The first reports that oncogenes may reside on ecDNA elements date back to the 1980s, when Alt and colleagues used cloning methods to demonstrate that sequences resembling MYCN could be mapped to HSRs and double minutes in the IMR-32 neuroblastoma cell line29. Similar observations were made by Bishop and colleagues in neuroendocrine cells derived from a colorectal carcinoma30. Work by others further confirmed that oncogene amplification could occur on ecDNA and that the frequency and amplitude of oncogene amplification could change in response to various stimuli, including treatment with hydroxyurea chemotherapy23,3133. By studying the kinetics of ecDNA replication, Wahl and colleagues proposed that ecDNA followed the same replication mechanisms as regular chromosomes34.
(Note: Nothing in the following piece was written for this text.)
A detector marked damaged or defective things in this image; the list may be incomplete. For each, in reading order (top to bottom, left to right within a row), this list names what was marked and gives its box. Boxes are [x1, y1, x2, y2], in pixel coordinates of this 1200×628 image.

These studies, which were perceptive and well ahead of their time, suggested that oncogene amplification on ecDNA was important. However, these studies occurred before the sequencing of the human genome. While fluorescence in situ hybridization (FISH) probes and complementary PCR methods have been leveraged to map amplified ecDNA in cancer cells35,36, the advent of DNA and RNA microarrays, and in particular of high-throughput sequencing, profoundly influenced how cancer genomes are interrogated. Computational analysis of sequencing datasets has provided a new view of the landscape of cancer genomes37,38. This approach was so powerful in detecting somatic alterations, that the focus of the field shifted towards genome-wide discovery of somatic variations and away from extrachromosomal amplification. In fact, ecDNA was thought to be a rare event in cancer, occurring in only 1.4% of tumors according to the Mitelman database39.
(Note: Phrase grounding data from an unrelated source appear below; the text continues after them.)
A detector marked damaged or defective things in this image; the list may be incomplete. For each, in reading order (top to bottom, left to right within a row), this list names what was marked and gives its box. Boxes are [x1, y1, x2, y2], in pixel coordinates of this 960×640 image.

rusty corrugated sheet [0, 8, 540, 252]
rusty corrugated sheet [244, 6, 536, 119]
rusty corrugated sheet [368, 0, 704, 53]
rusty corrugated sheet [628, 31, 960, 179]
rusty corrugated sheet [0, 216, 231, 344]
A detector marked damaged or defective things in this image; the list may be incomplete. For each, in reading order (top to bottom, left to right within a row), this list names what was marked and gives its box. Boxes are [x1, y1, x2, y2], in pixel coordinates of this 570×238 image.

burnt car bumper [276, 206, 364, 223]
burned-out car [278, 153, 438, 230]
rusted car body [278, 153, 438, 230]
ecDNA is frequent in cancer cells

This was the state of the field until 2014, when the Mischel lab discovered that resistance to epidermal growth factor receptor (EGFR) inhibitors in glioblastoma—a highly lethal brain cancer—was conferred by reversible loss of the gain of function mutation EGFRvIII on ecDNA40. EGFRvIII amplification in glioblastoma was widely accepted as a source of considerable intratumoral genetic heterogeneity41,42, including via amplification on double minutes43,44, but its implication on EGFR tyrosine kinase inhibitor resistance was not appreciated prior to this study. EGFR inhibitors greatly reduced the fraction of tumor cells bearing high levels of EGFRvIII, in vitro, in mice, and in patients, and upon drug removal the high copy number of EGFRvIII returned40. However, the kinetics were too rapid to be consistent with a classical genetic model of clonal evolution. Further, single cells taken from the tumor, whether they expressed high levels of EGFRvIII, or no detectable EGFRvIII at all, produced identical tumors—in vitro and in mice—that mirrored the heterogeneous compositon of the parent tumor40. Again, this observation would have been virtually impossible to explain by classical genetics. The key to understanding the mechanism that could explain these results was to return to the older way of interrogating tumor genomes, looking at cells in metaphase. EGFRvIII was found to be amplified almost entirely on ecDNA, and the number of EGFRvIII-containing ecDNAs within glioblastoma cells plummeted in response to an EGFR inhibitor, then returned to a high copy number within 1–2 weeks after drug withdrawal40. This supported that the “unstable” nature of ecDNA, first pointed out by Schimke and colleagues27,28, may be more widespread than that seen in methotrexate resistance.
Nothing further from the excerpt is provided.